| Data in this exercise |

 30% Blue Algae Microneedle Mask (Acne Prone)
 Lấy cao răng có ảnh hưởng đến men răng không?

--

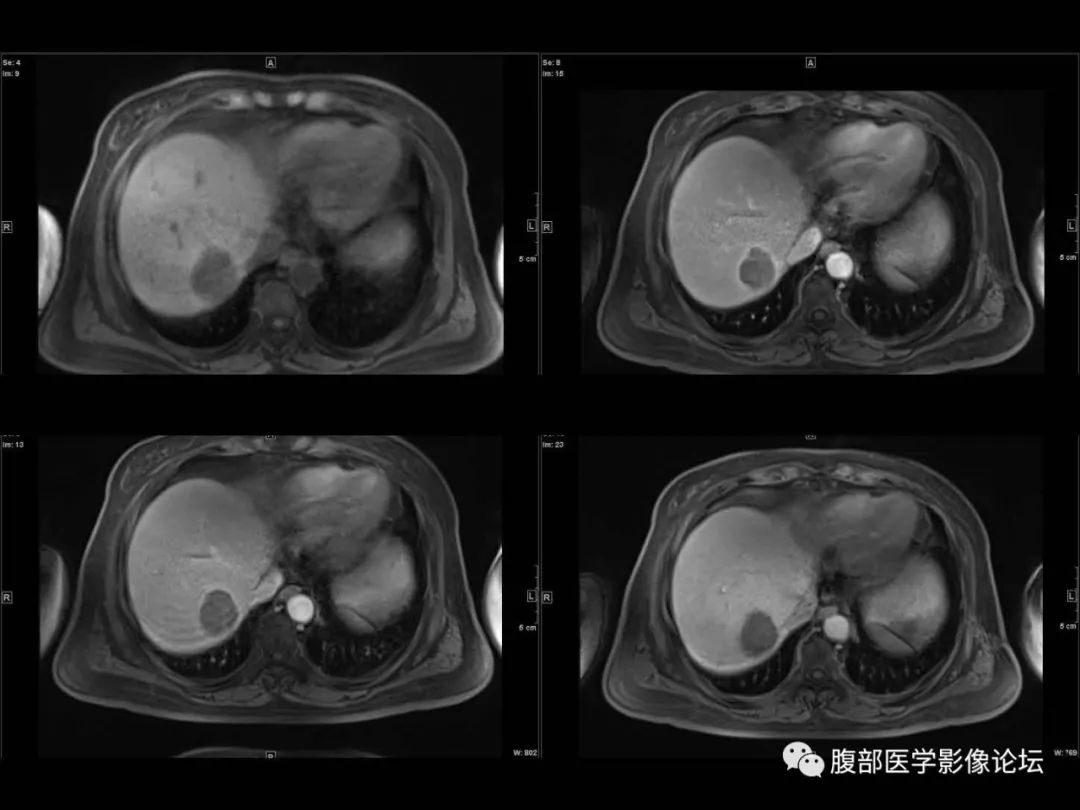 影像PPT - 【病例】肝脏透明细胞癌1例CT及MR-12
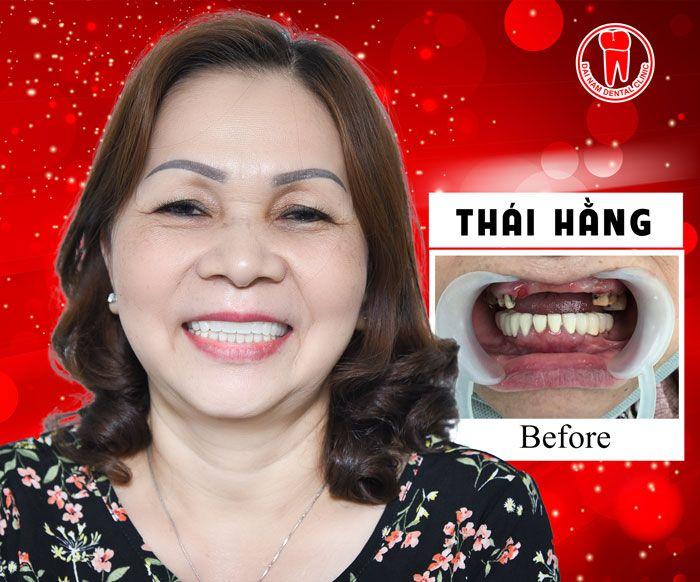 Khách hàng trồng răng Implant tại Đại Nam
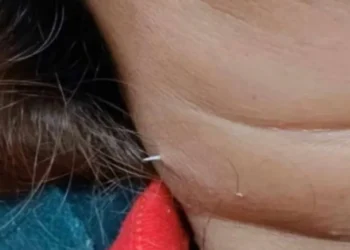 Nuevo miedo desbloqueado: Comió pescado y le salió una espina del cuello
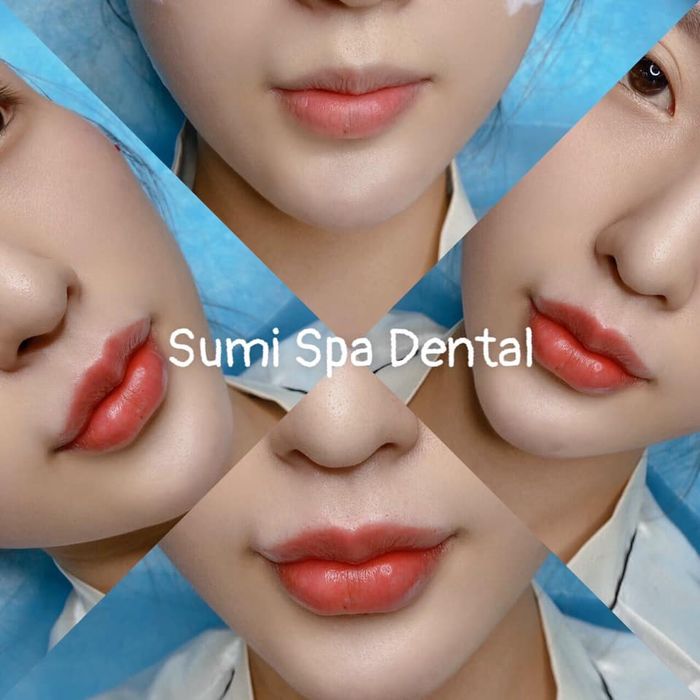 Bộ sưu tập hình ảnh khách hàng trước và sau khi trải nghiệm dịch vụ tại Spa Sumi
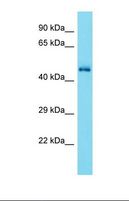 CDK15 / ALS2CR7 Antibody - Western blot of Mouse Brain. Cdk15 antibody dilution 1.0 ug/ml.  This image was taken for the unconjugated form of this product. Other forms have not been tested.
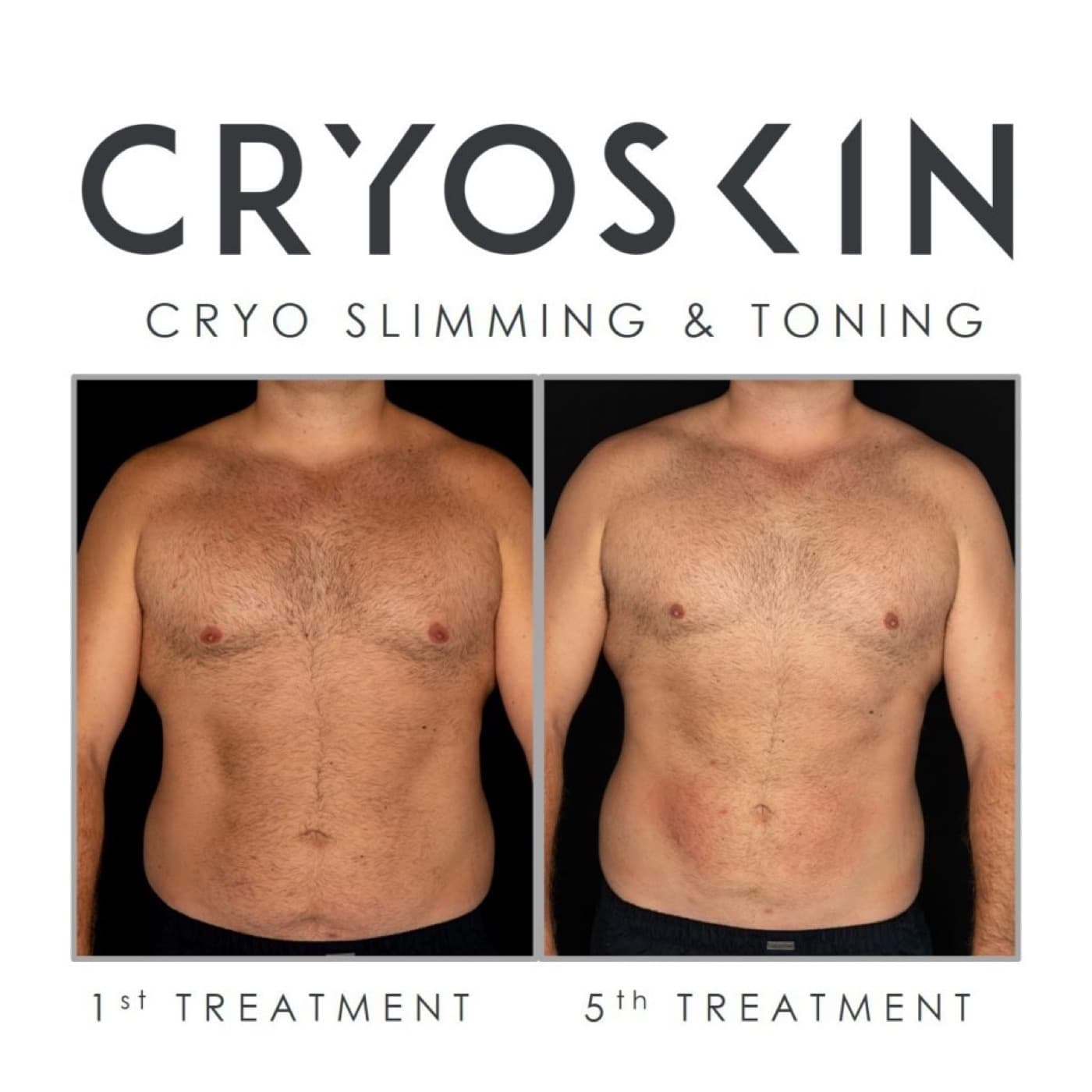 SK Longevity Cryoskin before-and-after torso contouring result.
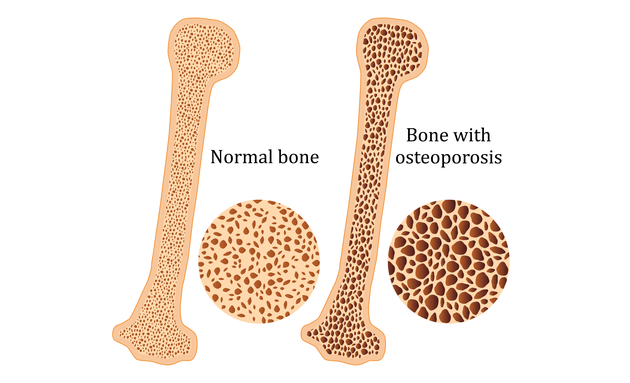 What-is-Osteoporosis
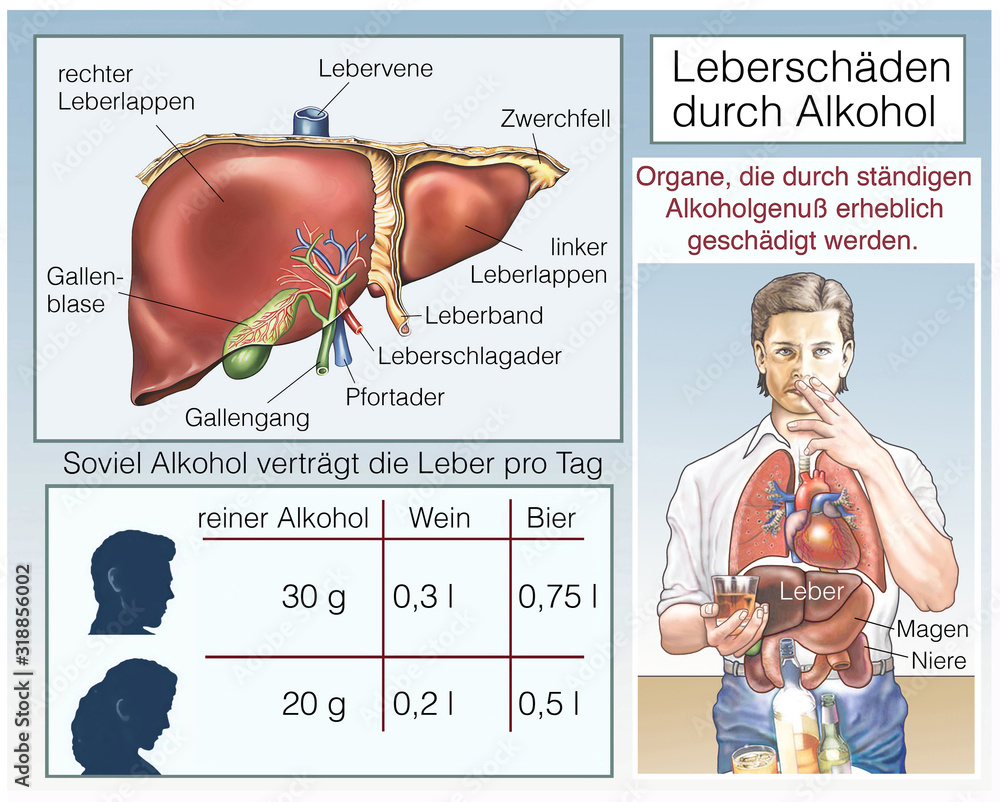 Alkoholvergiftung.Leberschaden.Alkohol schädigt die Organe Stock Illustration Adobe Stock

* * *

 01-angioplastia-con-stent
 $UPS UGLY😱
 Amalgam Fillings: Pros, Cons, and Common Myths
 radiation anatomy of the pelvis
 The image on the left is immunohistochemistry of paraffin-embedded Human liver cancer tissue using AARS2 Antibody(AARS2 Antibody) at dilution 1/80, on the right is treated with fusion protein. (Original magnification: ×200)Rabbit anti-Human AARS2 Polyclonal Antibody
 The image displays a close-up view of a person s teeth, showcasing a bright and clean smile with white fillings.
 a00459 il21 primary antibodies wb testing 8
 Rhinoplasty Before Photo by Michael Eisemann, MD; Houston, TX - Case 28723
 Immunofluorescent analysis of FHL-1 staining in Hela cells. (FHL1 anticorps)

| Required work |
What is needed is a verbatim copy of every line in the records above from the one containing "30% Blue Algae Microneedle Mask (Acne Prone)" down to the one containing "Lấy cao răng", both included, and nothing more.

| The answer |
 30% Blue Algae Microneedle Mask (Acne Prone)
 Lấy cao răng có ảnh hưởng đến men răng không?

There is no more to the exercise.